# Salomon dancehaul pro



## Surgeon (Apr 13, 2020)

I like Salomon but had no clue they were putting out a pro version of this board (I see it's an Evo exclusive, that's why).
I love the look of this one way better than the regular version.


----------



## Rip154 (Sep 23, 2017)




----------



## Jkb818 (Sep 28, 2019)

Me likey 


Sent from my iPhone using Tapatalk


----------



## suntaimatty (May 23, 2021)

Looks great but I see they only have the 152 left.

Sent from my SM-A015T1 using Tapatalk


----------



## Surgeon (Apr 13, 2020)

suntaimatty said:


> Looks great but I see they only have the 152 left.
> 
> Sent from my SM-A015T1 using Tapatalk


Acutally, based on the specs "sheet" at the bottom, I think they only had it made in 152. With a WW of 264 that makes it quite the versatile board for a LOT of people considering what its intended to do.


----------



## robotfood99 (Mar 19, 2016)

@Phedder totally called it in his review. And its a stunner!


----------



## suntaimatty (May 23, 2021)

Yeah with that waist width it makes sense. But I wouldn't be surprised to see them offer more size choices next year like Gnu did with the Gremlin. 

Sent from my SM-A015T1 using Tapatalk


----------



## Jkb818 (Sep 28, 2019)

Would the 152 work for someone who weighs 140lb?
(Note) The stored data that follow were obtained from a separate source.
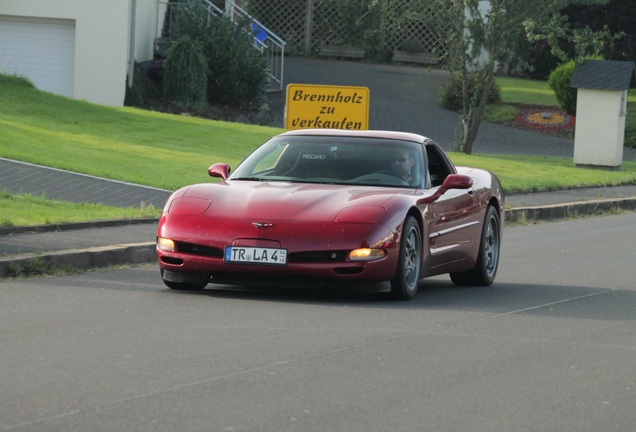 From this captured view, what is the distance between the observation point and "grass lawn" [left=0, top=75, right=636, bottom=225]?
22.1 m

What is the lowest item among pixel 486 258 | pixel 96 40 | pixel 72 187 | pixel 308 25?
pixel 72 187

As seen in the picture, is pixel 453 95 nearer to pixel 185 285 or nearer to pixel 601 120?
pixel 601 120

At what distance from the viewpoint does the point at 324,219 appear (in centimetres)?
1045

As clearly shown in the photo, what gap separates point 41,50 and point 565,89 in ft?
53.2

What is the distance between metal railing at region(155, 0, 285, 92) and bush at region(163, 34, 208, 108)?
266 cm

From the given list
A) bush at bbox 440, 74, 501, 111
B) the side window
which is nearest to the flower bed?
bush at bbox 440, 74, 501, 111

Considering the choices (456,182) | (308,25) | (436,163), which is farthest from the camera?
(308,25)

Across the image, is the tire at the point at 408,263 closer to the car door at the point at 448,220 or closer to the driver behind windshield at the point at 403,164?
the car door at the point at 448,220

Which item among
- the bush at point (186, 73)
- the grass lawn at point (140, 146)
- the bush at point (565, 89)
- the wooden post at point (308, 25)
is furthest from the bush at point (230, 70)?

Sent from my iPhone using Tapatalk


----------



## Surgeon (Apr 13, 2020)

suntaimatty said:


> Yeah with that waist width it makes sense. But I wouldn't be surprised to see them offer more size choices next year like Gnu did with the Gremlin.
> 
> Sent from my SM-A015T1 using Tapatalk


That'd be damned cool...


----------



## Phedder (Sep 13, 2014)

robotfood99 said:


> @Phedder totally called it in his review. And its a stunner!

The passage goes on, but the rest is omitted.